すらりとした178cmの長身によく似合った軍服とブーツ、長いまつげ、するどく光る瞳、美しいブロンドの髪……そのたたずまいといったら、見惚れずにはいられないほどの美しさ。
そのうえ男性以上に凛々しく、強く、誇り高く、どんなときもマリー・アントワネットを守り抜く姿や、己の正義を貫き物怖じしない言動、やがて民衆側に立ち祖国の為戦いに命を燃やす生き様に「ああ、オスカル様……!」と胸をときめかせずにはいられないのです。

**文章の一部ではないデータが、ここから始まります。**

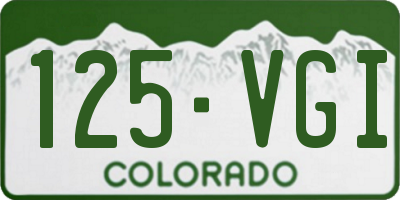 CO license plate 125VGI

女性でありながら、作中のどの男性キャラより抜きん出て格好良いと言っても過言ではないでしょう。
指先の一本まで女神のように麗しいビジュアルもあいまって、一見クールで完璧な印象のオスカルですが、実はけっこうな激情型。勝ち気で短気な性格なので、怒って語気を強めているシーンも多くあります。時には酒に溺れることも。しっかり人間味があるところもオスカルの魅力なんです。

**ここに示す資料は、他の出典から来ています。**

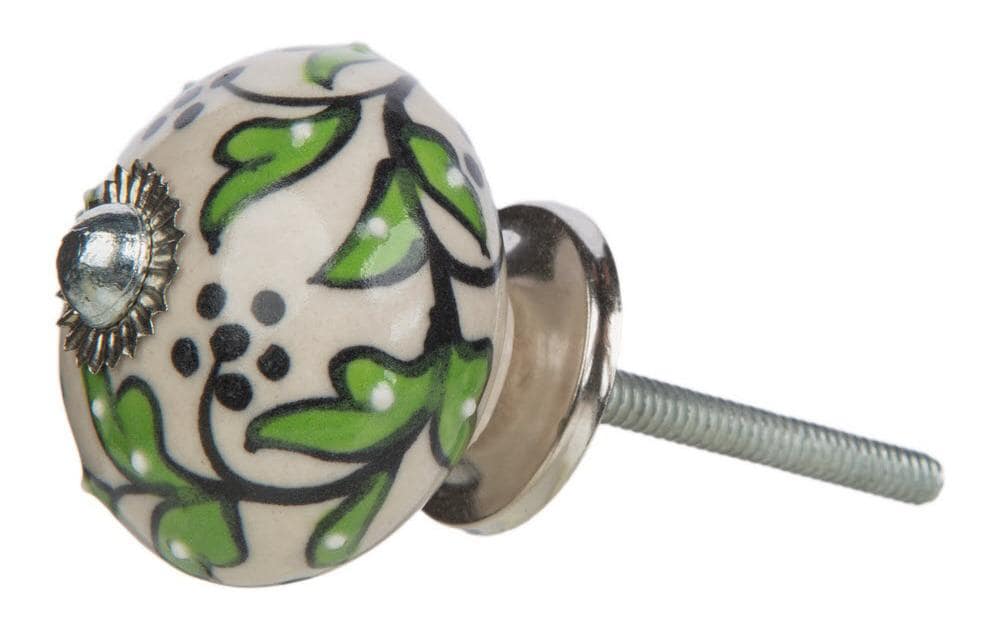 Tranquillo Poignée de meuble fait main, Ø 4 cm, blanc/argenté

また、オスカルはいつしか女性として生きていれば得られたはずのふつうの人生を心のどこかで望んでいたと気づくことになります。そこで男として、軍人として生きる運命とのギャップに苦しみ、己の人生を思い悩むように。葛藤の末に愛を知り、自身のゆく道を決意する過程に、一度でも自分のアイデンティティに悩んだことがあるならば共感せずにはいられないはず。きっと心を揺さぶられますよ。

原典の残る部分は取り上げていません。